Over the past couple of years I’ve taken some long road trips with my elderly father.
He’s of an age where helping with the driving is out of the question. Couple that fact with my desire to not stop overnight on these drives and you get the conclusion that I’m driving about twelve hours straight on these trips. I don't mind the driving. I've flown enough for a lifetime and don't care if I ever get on an airplane again.
Dad sleeps a good bit as we roll down the highway. When he does I turn the satellite radio up and the hours slip by effortlessly. When he’s awake he likes to read. Which wouldn’t be a problem except that he reads billboards. Aloud. It seems rude to drown him out with the radio so I turn it down and listen to the advertising messages of a variety of establishments, services, and causes.
On a recent trip he had just read a McDonald’s sign to me and asked me what they met by “PlayPlace”. I told him that it meant that particular outlet had a place where a parent could let a child crawl on hard plastic balls that other kids had sneezed, pee’d, and drooled on while drinking coffee and sending text messages to people. He looked at me like I had told him that Martians had built the Eiffel Tower in 1825.
“No. What is it?” he said.
“Ya know, like a playground,” I said.
“I don’t think I’ve ever seen one of those at a…uh... a...”
“Yeah. At McDonald’s,” he said.
“When’s the last time you went to a McDonald’s?”
He pondered that for a second and then read the upcoming billboard, “Wendy’s Exit 64.”
“Do you want to stop at Wendy’s?” I asked.
We went along with the radio low and dad reading aloud every road sign and billboard he saw.
I was learning so much about the hotels, restaurants, scenic attractions, insurance agents, as well as that the Lord was my savior.
A few miles down the road I saw a billboard approaching and wondered if he would read it to me. It was this one….
He read it to himself and didn’t make a noise as we passed it. I tried not to laugh or even smile.
A mile or two went by and he finally said, “You know something I never understood?”
“No. What, dad?”
“Why you always had such good looking girls… you know, why you always went out with such pretty girls.”
“Gee. Uh, thanks dad.”
“What?” he said.
“I mean you weren’t the star ballplayer in school... you were a good kid... but there sure were some lookers around the house.”
I just shook my head.
“Dad, you can’t remember what I made for dinner last night, how do you know whether I dated good-looking girls back when I lived at home?”
“Pork chops?” he said after a pause.
“Steak!" I said, "But what made you think about my old girlfriends anyway?”
I smiled waiting to see if he’d own up to the blond on the billboard being the reason his thoughts had wandered toward pretty girls.
Silence for a couple of miles.
“Who was the girl from work you dated for a while?”
From work… from work… from work.
Then I realized that “work” meant where he worked for thirty-some years, not where I did.
“You mean from summers at the plant?”
“Yeah. Yeah. Her dad worked there with me, right?”
“You must mean Sharon. Yeah, dad. He was the HR guy,” I said.
That got a blank look.
“Personnel. He was the head of plant personnel.”
“Right. That’s right. Kind of an odd fella. Cute girl though.”
“Yeah dad. She passed away several years ago.”
“Really? That’s too bad,” he said.
“Yeah. Mom told me that she had breast cancer and then a while after that she sent me the obituary. She had two sons in high school when she passed away.”

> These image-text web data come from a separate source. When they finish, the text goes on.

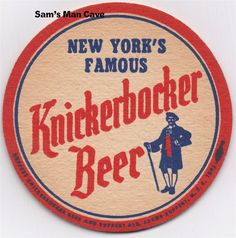 a sticker that says new york's famous knickkerbocker beer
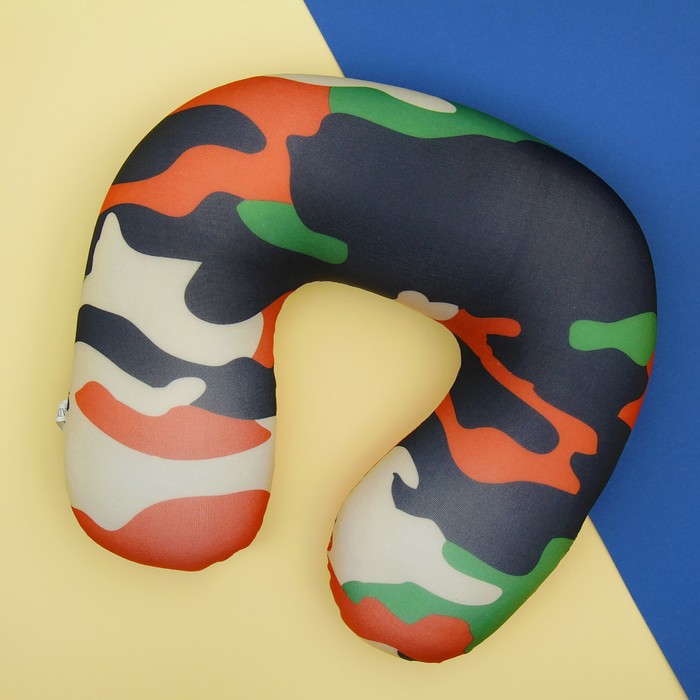 Мягкая игрушка-антисресс подголовник "Камуфляж"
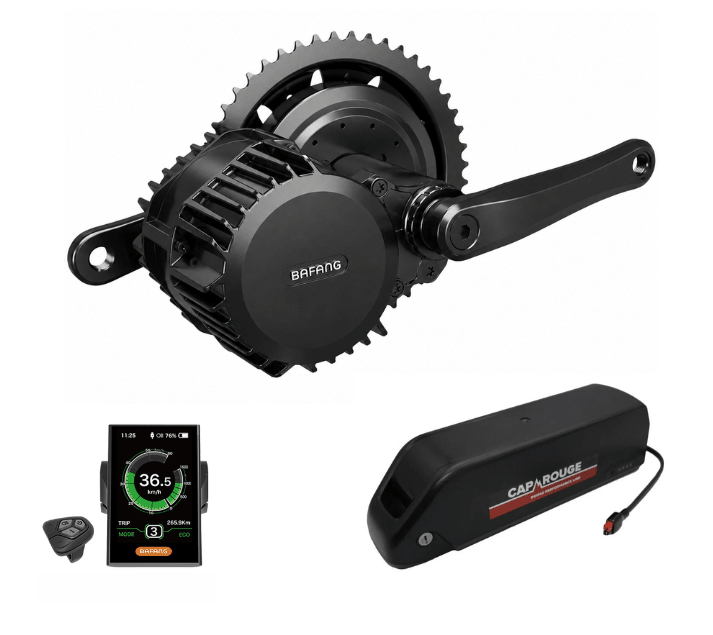 Bafang 52V 1000W BBSHD Bafang Mid Drive eBike Conversion Kit 68-73mm With Samsung Battery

“Didn’t you go with her and another girl to Nashville one weekend?”
“Louisville!” he said as if he actually knew that was right.

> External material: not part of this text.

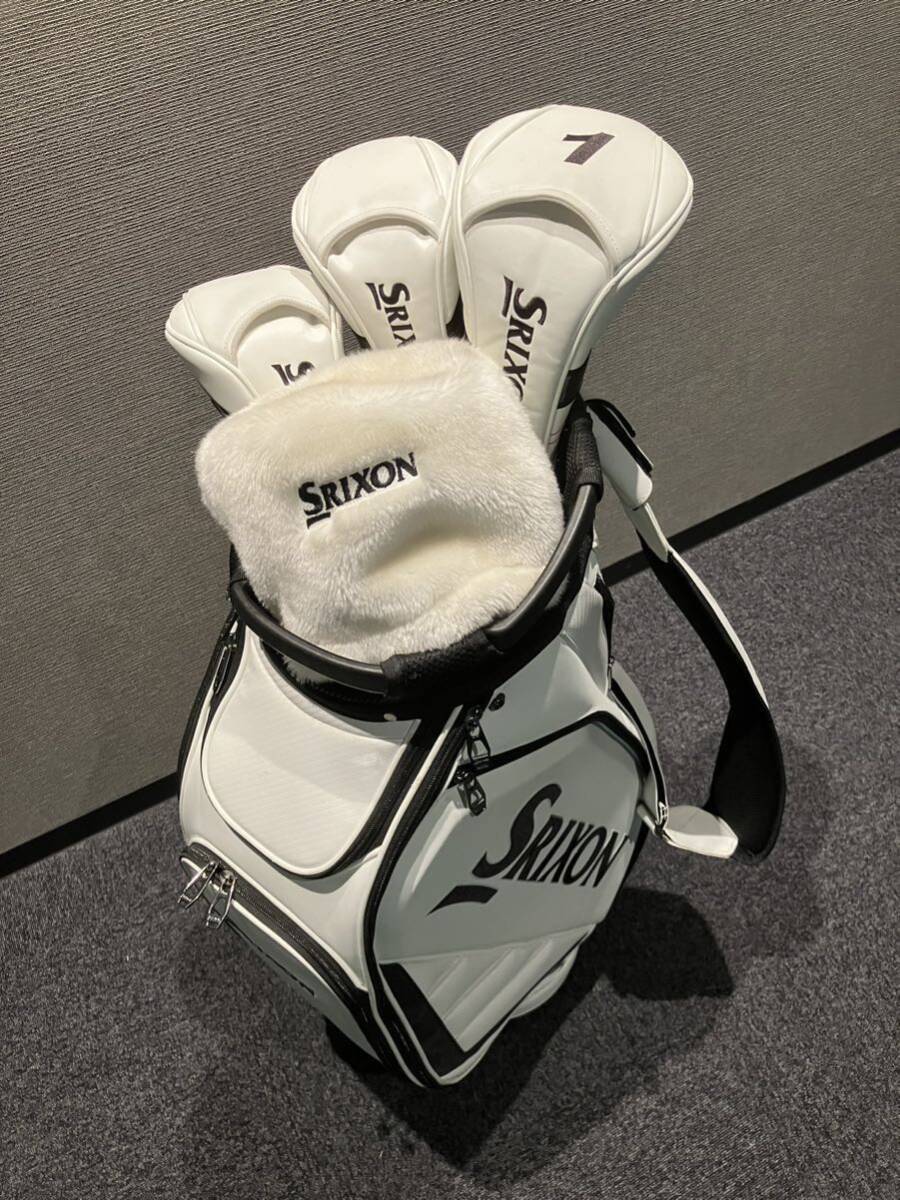 良品】SRIXON キャディバッグ スリクソン ウッドカバー アイアンカバー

“You didn’t drive. They picked you up in a muscle car,”
“Yep. A Camaro. It belonged to her sister’s friend-- she was driving.”
“That's right. That girl was a real looker too. Your mother worried all weekend,” he said.
“Not you though, huh dad?”
He made a sound that must be what is called a guffaw.
“No. Still can’t figure it out though.”
More miles went under the wheels of my truck.
“Who was the girl who lived over behind the shopping center?”
I thought a while.
“Denise. You’re thinking of Denise.”
He wasn’t sure. The name Denise didn't ring any bells.
“There was one with really long straight black hair. Spanish girl.”
“She’s half Mexican, dad. Her mother is Mexican-American.”
“Beautiful girl,” dad said.
“She lives near Chicago last I knew. Married with kids. Mom used to run into her mom at Kroger’s and they kept up with all that stuff,” I said.
A few more miles went by.
He must have started worrying about bringing up the subject of my ex-girlfriends.
“Of course, the mother of my grandsons is just outstanding,” he said.
“Well, dad, you said yourself I always punched above my weight class.”
He looked puzzled.
“It's a saying. I meant I went out with women who were too good for me,” I said.
“Ha!” he said, “Never could understand it.”
Then he went back to sleep and I turned the radio back up. He didn't know the half of it.